--- START ---
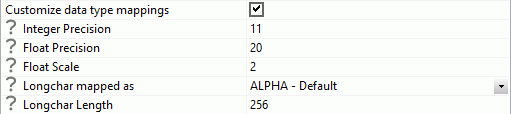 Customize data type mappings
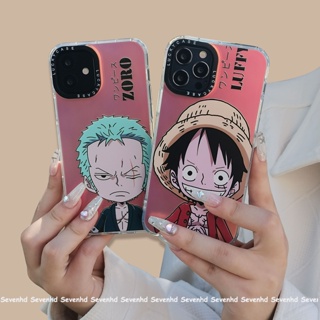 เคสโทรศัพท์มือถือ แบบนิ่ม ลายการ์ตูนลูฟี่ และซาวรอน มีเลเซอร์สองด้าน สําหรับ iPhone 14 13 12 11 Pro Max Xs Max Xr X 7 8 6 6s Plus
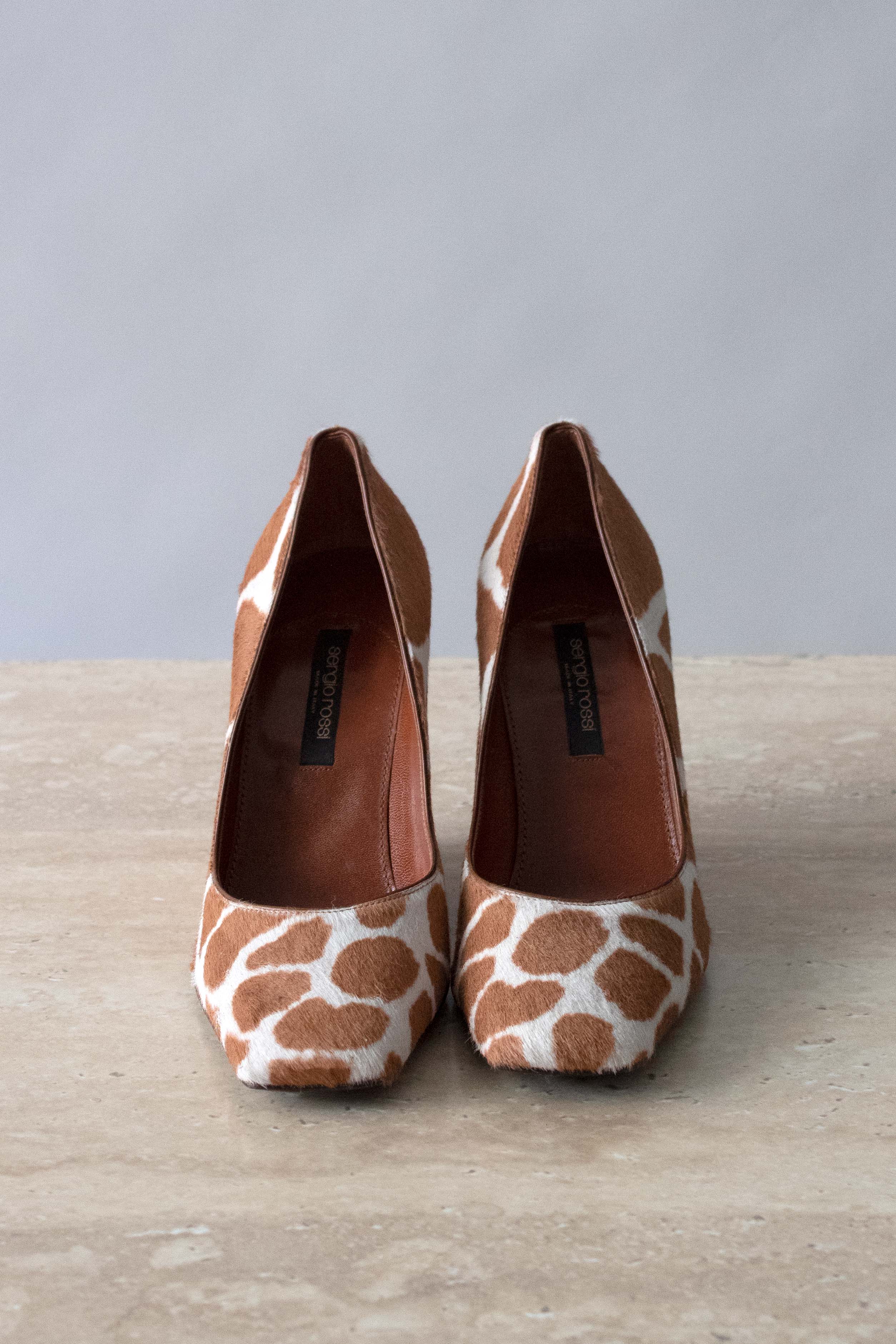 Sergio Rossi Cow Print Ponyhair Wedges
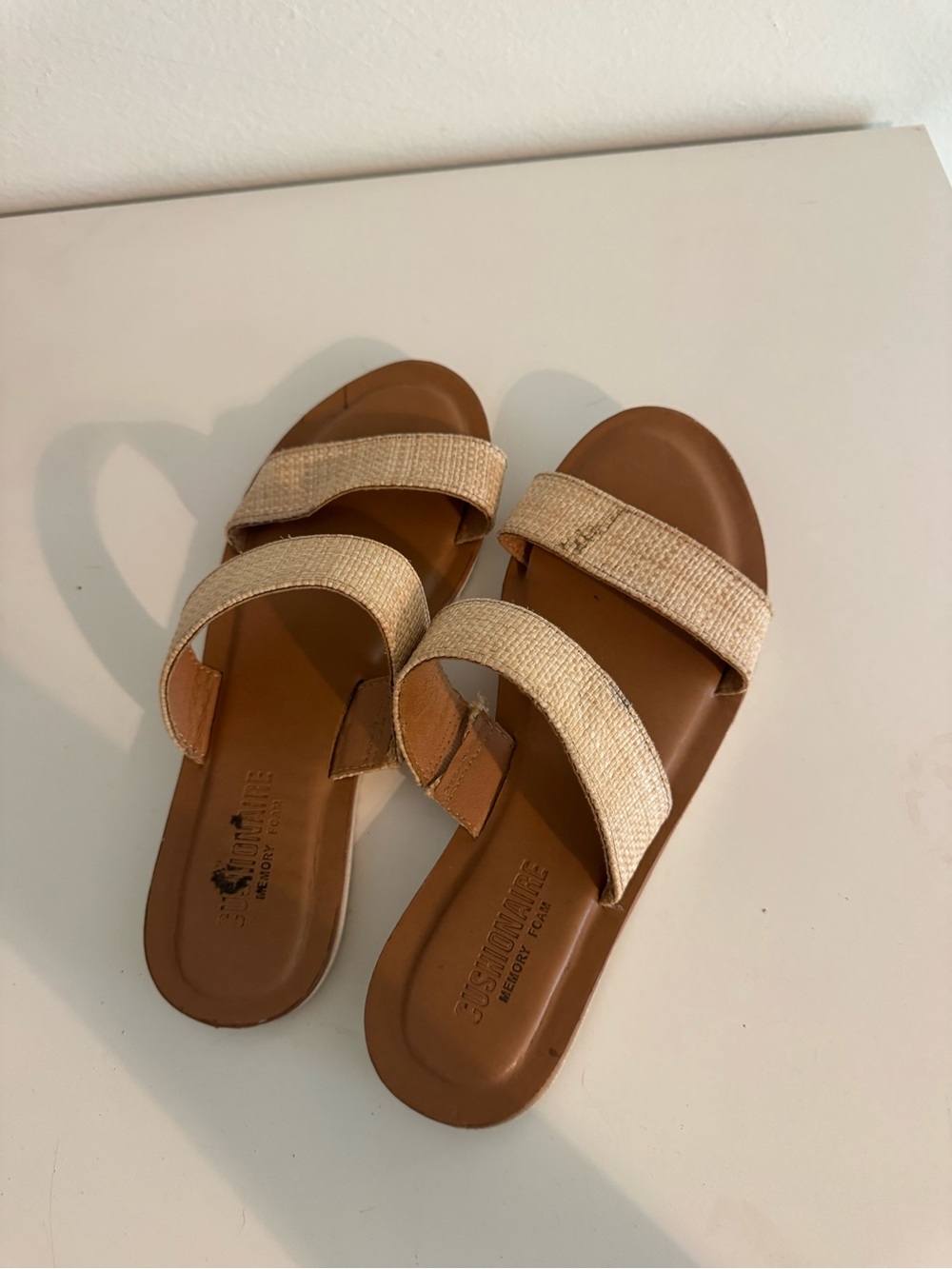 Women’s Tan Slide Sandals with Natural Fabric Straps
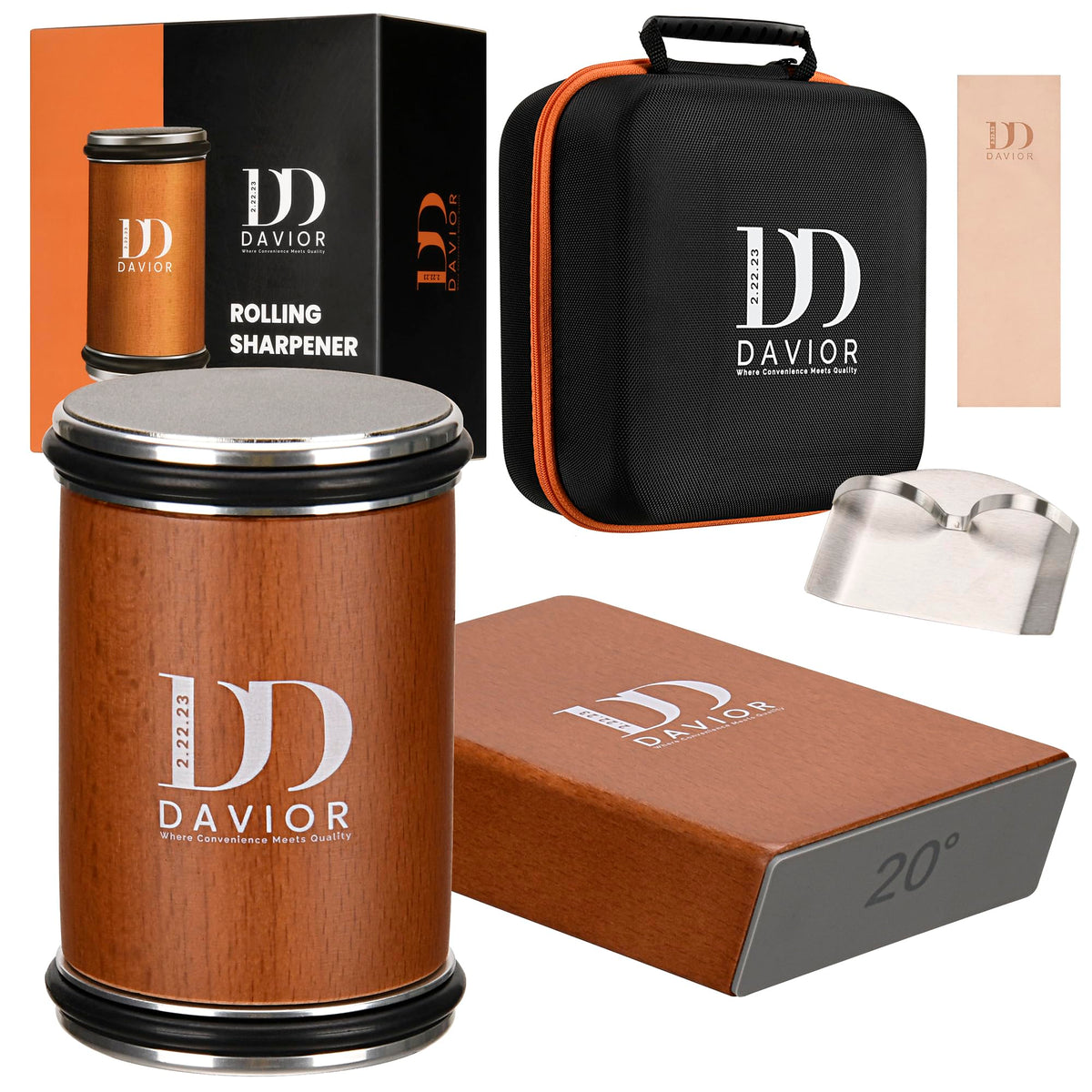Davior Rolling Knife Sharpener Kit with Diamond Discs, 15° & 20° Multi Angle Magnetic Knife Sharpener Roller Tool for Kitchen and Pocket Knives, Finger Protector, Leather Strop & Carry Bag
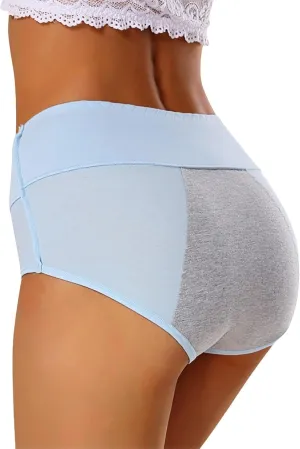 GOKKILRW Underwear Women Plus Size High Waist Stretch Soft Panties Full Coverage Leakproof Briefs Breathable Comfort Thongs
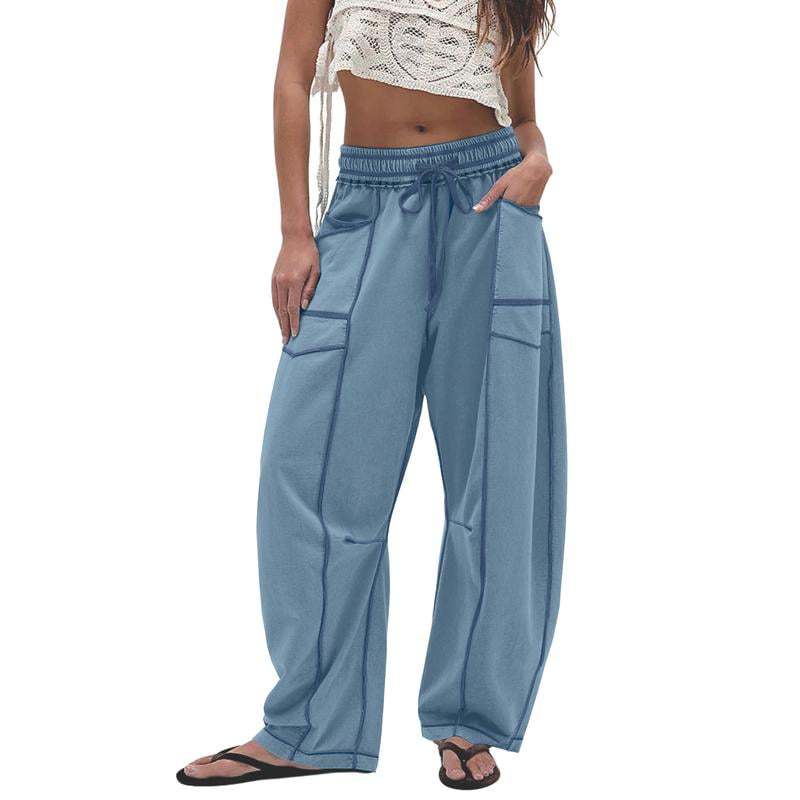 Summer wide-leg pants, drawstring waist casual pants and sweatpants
--- END ---
--- GOAL OF THE EXERCISE ---
When you retype the listing above, keep each line exactly as written and drop the pictures.

--- WORKED SOLUTION ---
 Customize data type mappings
 เคสโทรศัพท์มือถือ แบบนิ่ม ลายการ์ตูนลูฟี่ และซาวรอน มีเลเซอร์สองด้าน สําหรับ iPhone 14 13 12 11 Pro Max Xs Max Xr X 7 8 6 6s Plus
 Sergio Rossi Cow Print Ponyhair Wedges
 Women’s Tan Slide Sandals with Natural Fabric Straps
Davior Rolling Knife Sharpener Kit with Diamond Discs, 15° & 20° Multi Angle Magnetic Knife Sharpener Roller Tool for Kitchen and Pocket Knives, Finger Protector, Leather Strop & Carry Bag
 GOKKILRW Underwear Women Plus Size High Waist Stretch Soft Panties Full Coverage Leakproof Briefs Breathable Comfort Thongs
 Summer wide-leg pants, drawstring waist casual pants and sweatpants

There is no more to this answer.